2011/8/19 Special Kain
The Chinese word "dau" means "road" in modern-day English. In Daoist philosophy, it is the flow and process of reality itself: the dynamic change between "the 10,000 things". The relationships between "the 10,000 things" are in constant flux, nothing is ever settled and fixed. Since these 10,000 things do not merge into one larger whole, but always retain their plurality, we cannot fully grasp "dau". Therefore we cannot name it nor comprehend it. The Chinese word "de" is often translated as "virtue", but it rather means "the order of things" or how things that come together (dau) are being ordered (de). Even though the basic characteristic of this world is change, the world is not merely chaotic.
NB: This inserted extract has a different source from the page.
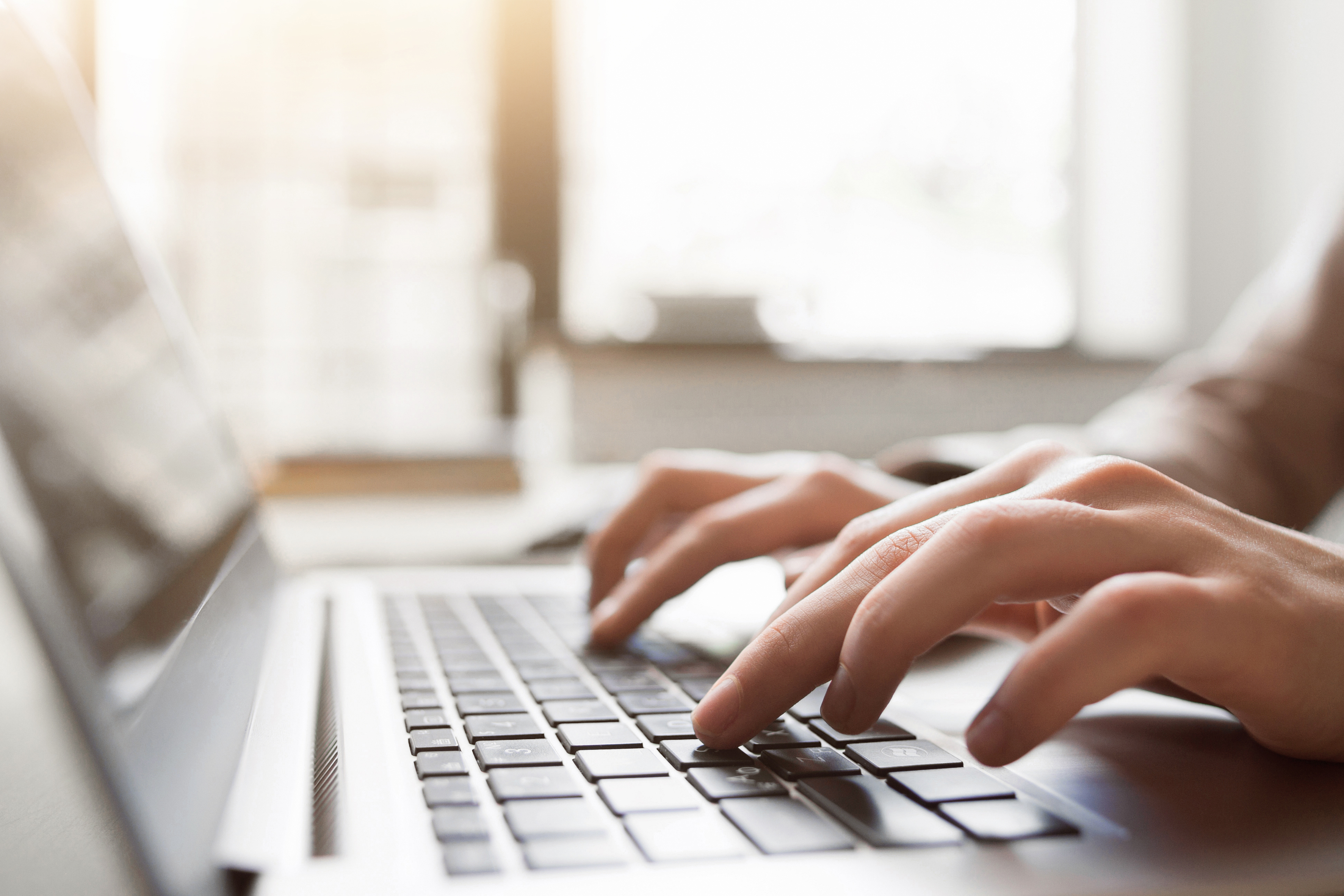 Person typing on computer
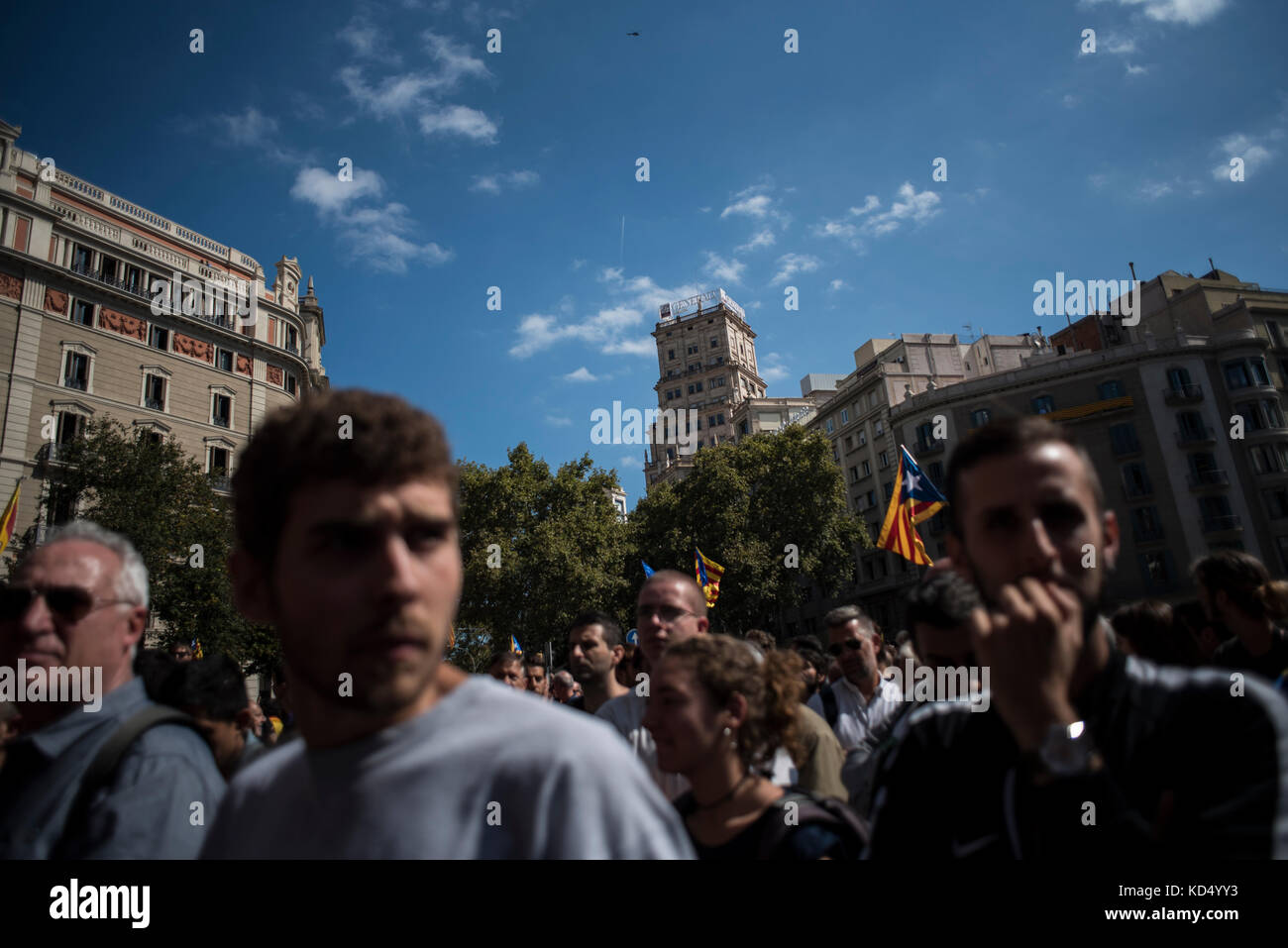 Demonstrators in front of the Conselleria d'Economia in Barcelona, the economy office of the catalan government. Credit: Alamy / Carles Desfilis Stock Photo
So the pathos is similar: Daoists examine the nature of this world and then choose to live in accordance with it ("wu wei" as "acting naturally", since "not doing" is a misleading translation). However, the difference between Zoroastrianism and Daoism is PROACTIVITY. Zoroastrianism is much more activist than Daoism.
Von: Daniel Samani
Gesendet: 11:49 Freitag, 19.August 2011
Betreff: [Ushta] Tao and Asha
"Lao-Tzu considered that ‘When tao is lost only then does the doctrine of virtue arise’. As a practical philosophy Taoism is therefore based on the suppression of desire in favour of natural simplicity and tranquillity." - Oxford Dictionary
So what does this tells us about the diffrence between Asha and Tao? To my mind Zoroastrism talks about that with works for our and others desires in the long run. Does Taoistic Tao consider desires to be virtues? Any thoughts on this?